Your task is to repeat exactly the lines from the one with "Вязаная жилетка для девочки в школу" through the end of the records, both included; please leave the pictures out.

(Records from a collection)
+===+

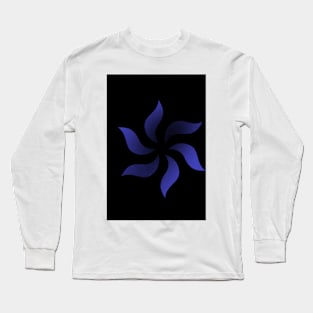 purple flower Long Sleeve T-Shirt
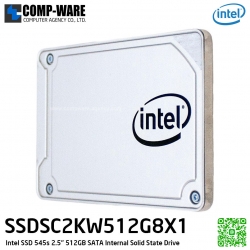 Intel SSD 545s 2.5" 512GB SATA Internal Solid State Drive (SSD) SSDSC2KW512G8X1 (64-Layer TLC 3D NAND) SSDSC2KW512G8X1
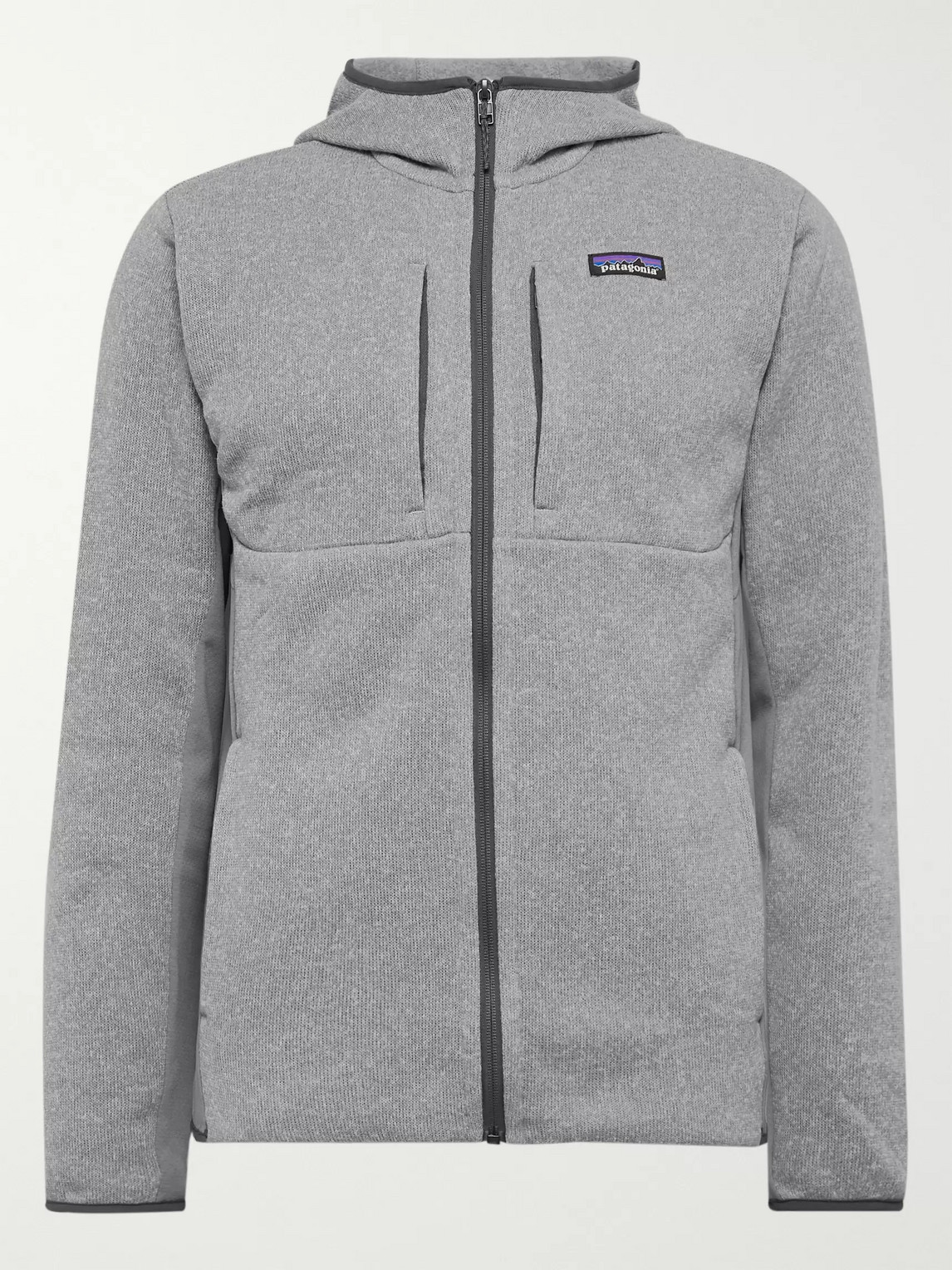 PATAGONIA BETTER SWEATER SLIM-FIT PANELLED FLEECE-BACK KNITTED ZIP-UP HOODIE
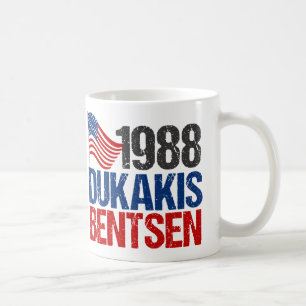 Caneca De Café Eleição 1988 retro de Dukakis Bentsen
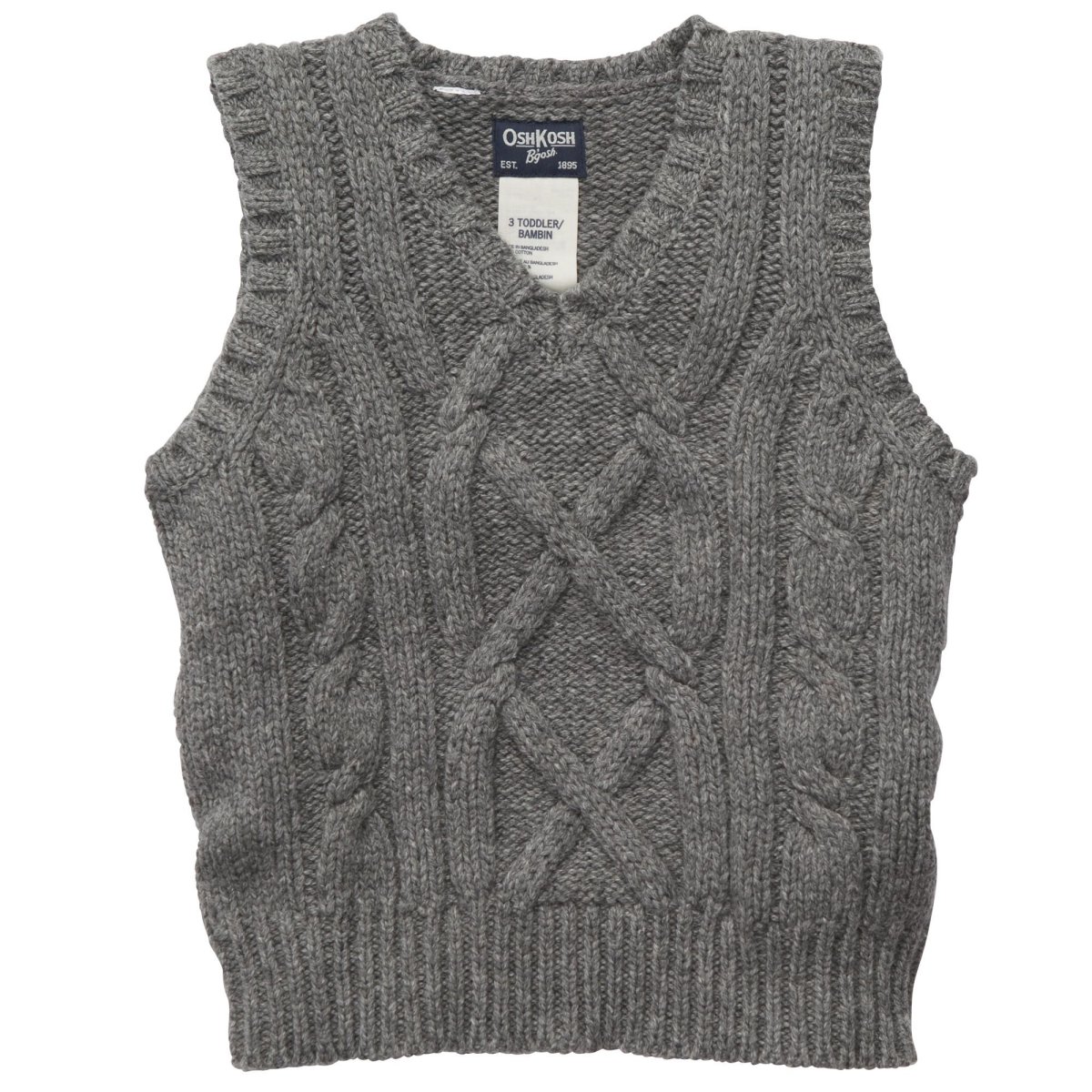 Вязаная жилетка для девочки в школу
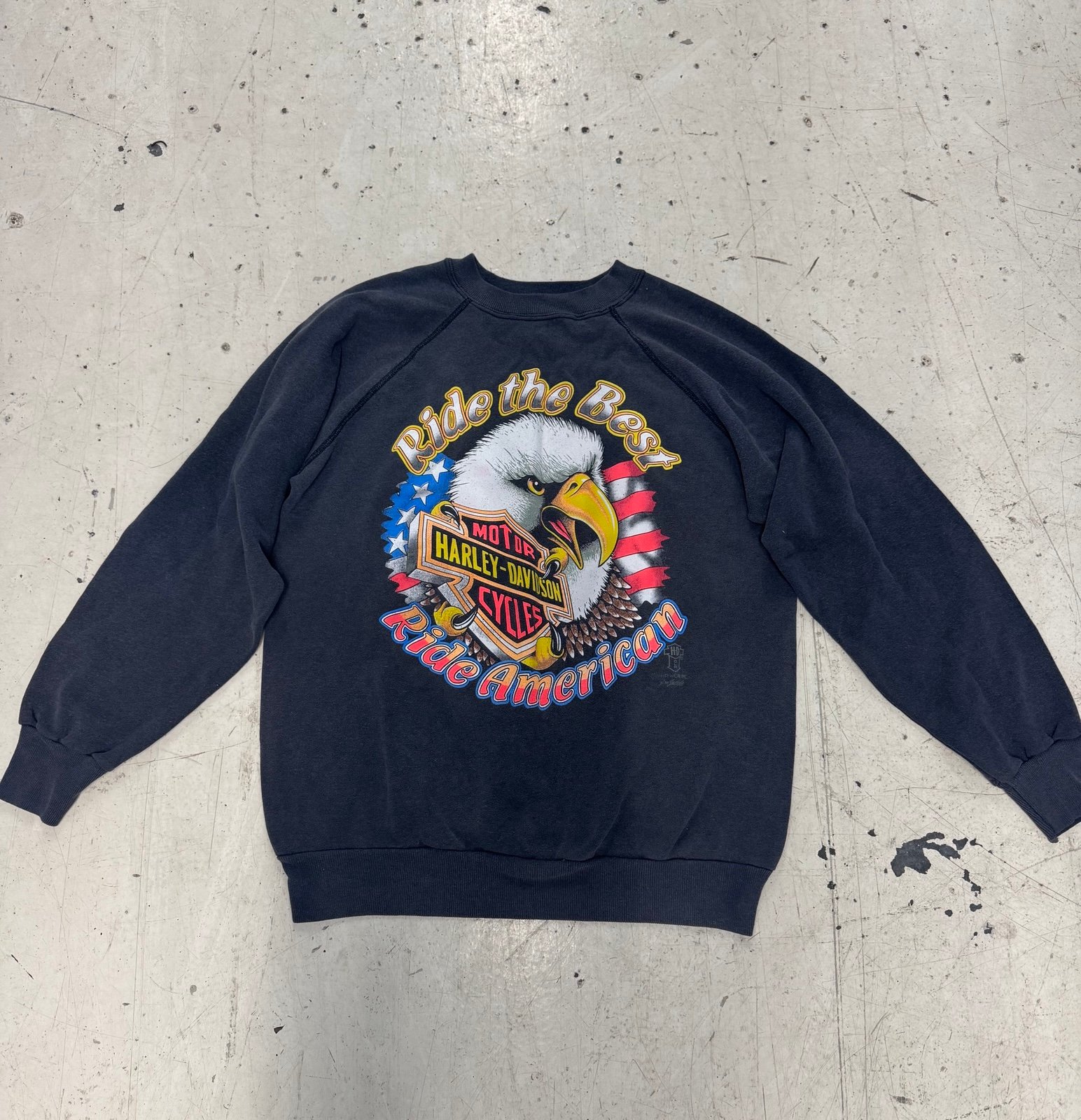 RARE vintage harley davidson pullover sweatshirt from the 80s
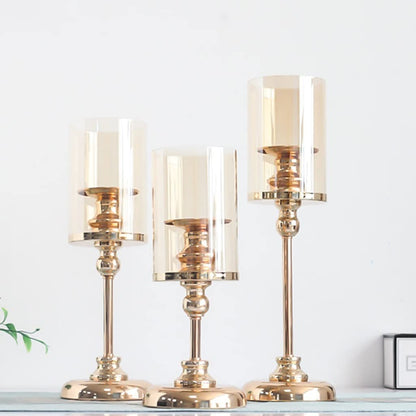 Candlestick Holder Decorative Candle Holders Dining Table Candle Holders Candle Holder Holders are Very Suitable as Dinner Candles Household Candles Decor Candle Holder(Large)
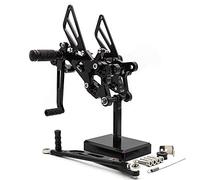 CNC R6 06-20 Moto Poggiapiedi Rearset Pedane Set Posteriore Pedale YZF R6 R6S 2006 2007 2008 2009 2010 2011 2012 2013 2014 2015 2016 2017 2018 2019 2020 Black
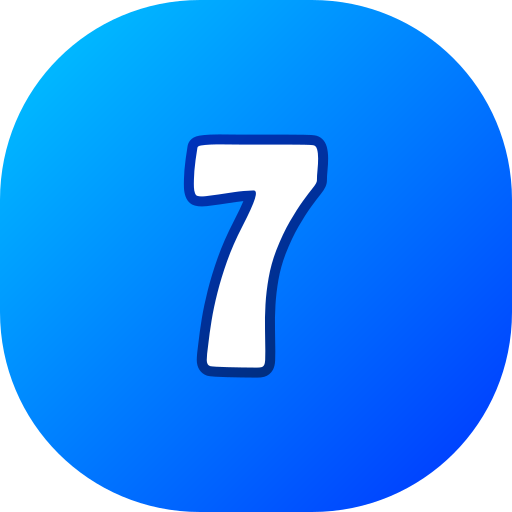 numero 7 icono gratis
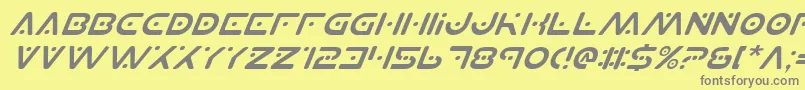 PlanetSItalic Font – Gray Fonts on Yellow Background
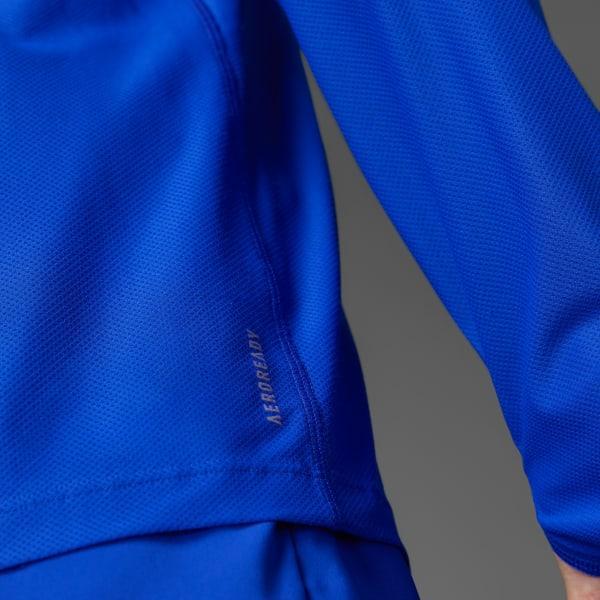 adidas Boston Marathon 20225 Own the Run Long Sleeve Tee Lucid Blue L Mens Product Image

+===+

### ANSWER
 Вязаная жилетка для девочки в школу
 RARE vintage harley davidson pullover sweatshirt from the 80s
 Candlestick Holder Decorative Candle Holders Dining Table Candle Holders Candle Holder Holders are Very Suitable as Dinner Candles Household Candles Decor Candle Holder(Large)
 CNC R6 06-20 Moto Poggiapiedi Rearset Pedane Set Posteriore Pedale YZF R6 R6S 2006 2007 2008 2009 2010 2011 2012 2013 2014 2015 2016 2017 2018 2019 2020 Black
 numero 7 icono gratis
 PlanetSItalic Font – Gray Fonts on Yellow Background
 adidas Boston Marathon 20225 Own the Run Long Sleeve Tee Lucid Blue L Mens Product Image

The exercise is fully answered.